Der Zeitaufwand lässt sich schon bei der künstlerischen Gestaltung kaum kontrollieren. Noch weniger fügt sich die soziale Aufgabe, die die Theaterleute in der Arbeit mit den Jugendlichen manchmal auch als Ansprechpartner für private Probleme erfüllen, in einen berechenbaren Dienstplan. Als ihr größtes Ziel sehen es die Leiter jeweils an, „aus Individualisten ein Ensemble zu machen“, wie es von Holn ausdrückt. Den wichtigsten Schritt gehen die Gruppen erfahrungsgemäß an fünf Tagen im Februar: bei einem Probenlager in Arendsee.

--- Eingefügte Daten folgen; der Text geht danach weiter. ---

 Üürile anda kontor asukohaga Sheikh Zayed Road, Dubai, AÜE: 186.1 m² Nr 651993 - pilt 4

Im Zusammenspiel mit den anderen Ensembles gewinnt spätestens dort bestenfalls auch das Spielzeitmotto greifbare Konturen. Im „privaten, sozialen und globalen Umfeld“ soll gesucht werden, was alles „Out of Order“ sein kann, erklärt von Holn. In Fragebögen hatte das Theatrium bei den Jugendlichen bereits Stichpunkte gesammelt, bevor neben von Holn und Koch auch Kathrin Großmann, Anne Rab und Olek Witt, der neu am Haus ist, ihre Vorhaben konkretisierten. Schlagworte wie „Sucht“, „Rebellion“, „Technik“, „Verlust der Erreichbarkeit“ oder „Außer Kontrolle“ sollen etwa in ein Stück über „Rausch“ und in die Geschichte einer WG fließen, deren Bewohner das Jugendamt ausgewählt hat.

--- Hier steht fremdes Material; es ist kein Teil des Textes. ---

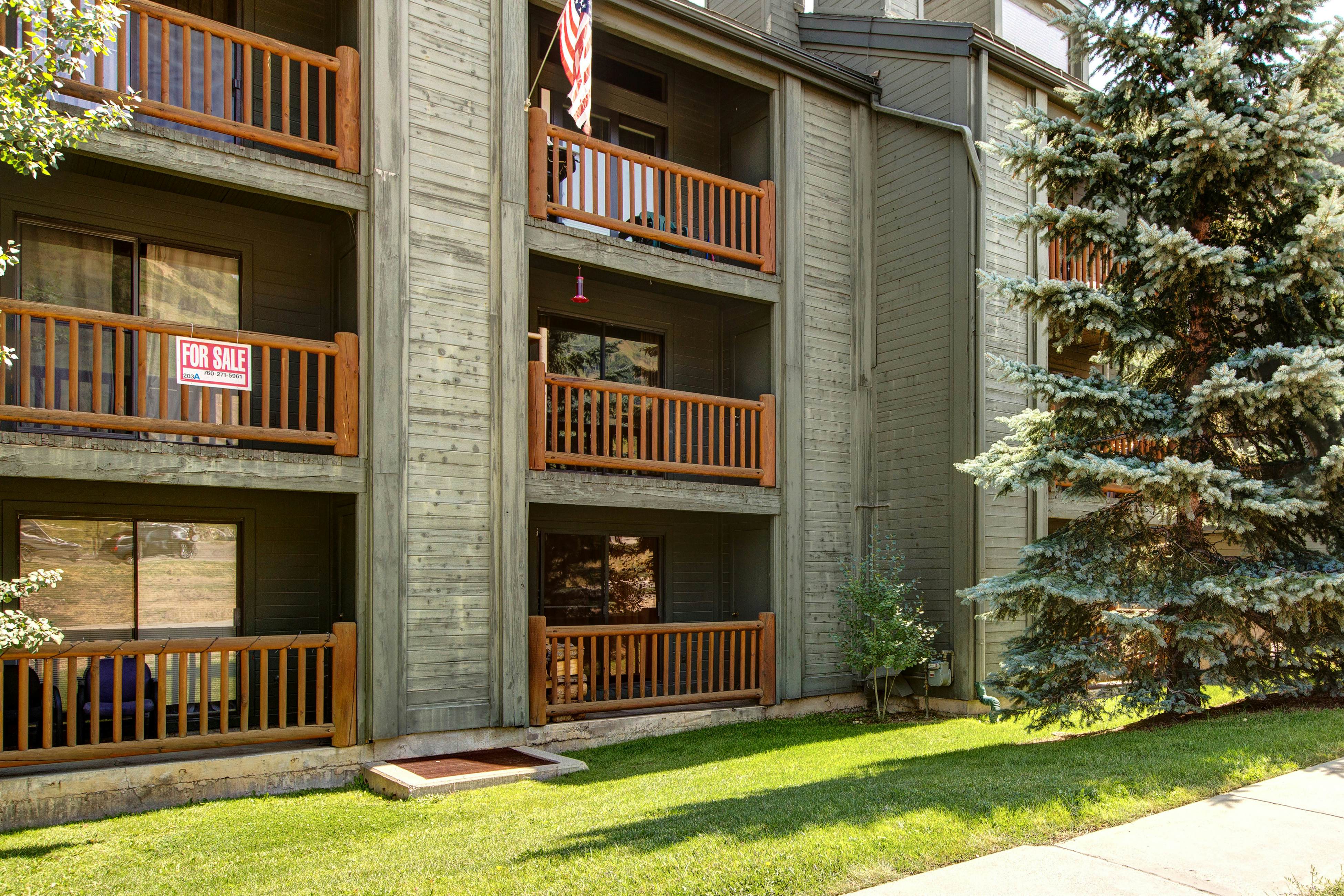 Powder Point Hideaway - Cozy Condo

Mindestens so heterogen wie eine Jugend-WG sind die Theatergruppen besetzt. Ob einer von der Förderschule oder vom Gymnasium komme, spiele im Theatrium aber keine Rolle, so von Holn: „Das gemeinsame Ziel schweißt zusammen.“ Das Leipziger Jugendamt unterhält nicht nur WGs, es fördert auch diese „Theater-Gemeinschaft“ mit 140500 Euro im Jahr. Das Kulturamt schießt weitere 130000 Euro zu, außerdem erwirtschaftet das Theatrium im laufenen Jahr voraussichtlich 35 bis 36000 Euro an Eigenmitteln. Die Auslastung der 99 Sitzplätze liegt bei knapp 80 Prozent. Eine Quote, die dafür spricht, dass dem Jugendtheater nicht nur eine sozialpädagogische Bedeutung zukommt, sondern es auch künstlerisch überzeugt. „Wir wollen unser Publikum unterhalten“, betont von Holn. Geschäftsführerin Beate Roch würde ihr und ihren Kollegen, auch sich selbst, gern Tariflöhne bezahlen, bräuchte dafür aber pro Jahr etwa 10000 Euro mehr im Budget, wie sie ausgerechnet hat.

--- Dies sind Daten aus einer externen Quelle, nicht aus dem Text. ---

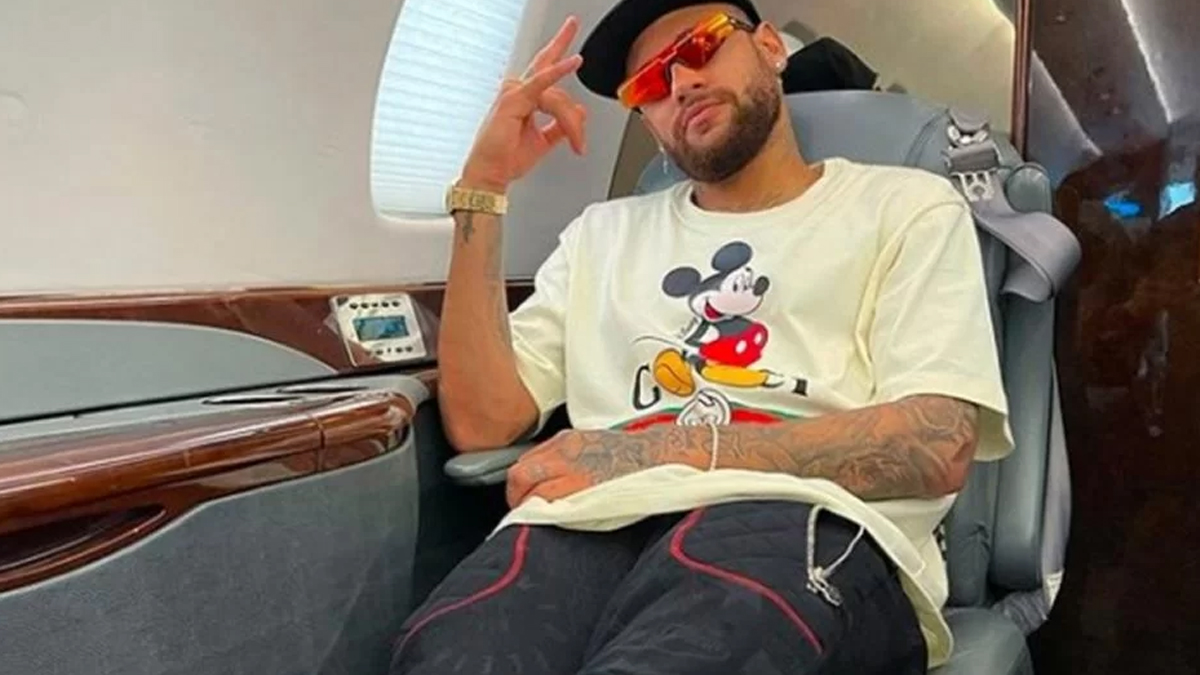 Neymar exibe jatinho de luxo e valor chocante é exposto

Spätestens wenn dem einen oder anderen Lokalpolitiker vor der Wahl des Leipziger Stadtrats im Mai wieder auffällt, dass in Grünau Jugendbanden existieren, sollte sich das Theatrium in Erinnerung bringen. Die Konflikte mögen dieselben sein. Aber hier werden sie auf einer Bühne ausgetragen.

Mathias Wöbking


Bis April setzt sich das Theatrium-Programm aus den Premieren der vergangenen Spielzeit zusammen. Am Samstag [14.09.] etwa ist Almut Kochs „Alles oder ich“ zu sehen – 20 Uhr, Theatrium (Alte Salzstraße 59), Karten für 7,50/4,50 Euro: 0341 / 9413640.